* TASK STATEMENT
The following data has a line with "Hampton Inn Livermore-3" and a line with "Condo in Bangkok, Thailand, 3". Write out exactly those lines and all the lines between them.

* SOURCE MATERIAL
━━━
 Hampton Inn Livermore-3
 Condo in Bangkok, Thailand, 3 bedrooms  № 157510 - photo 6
━━━
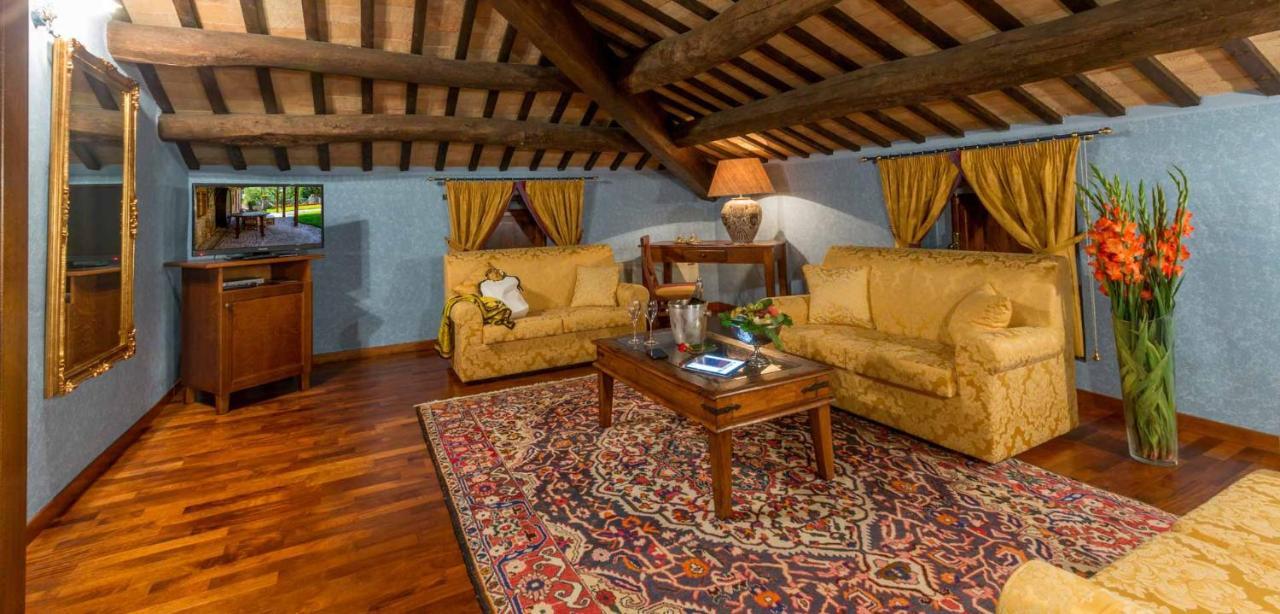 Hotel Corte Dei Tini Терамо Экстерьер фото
━━━
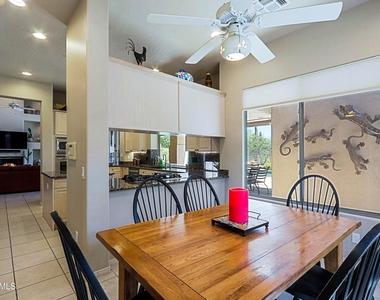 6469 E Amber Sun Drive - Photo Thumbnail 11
━━━
* RESPONSE TO THIS TASK
 Hampton Inn Livermore-3
 Condo in Bangkok, Thailand, 3 bedrooms  № 157510 - photo 6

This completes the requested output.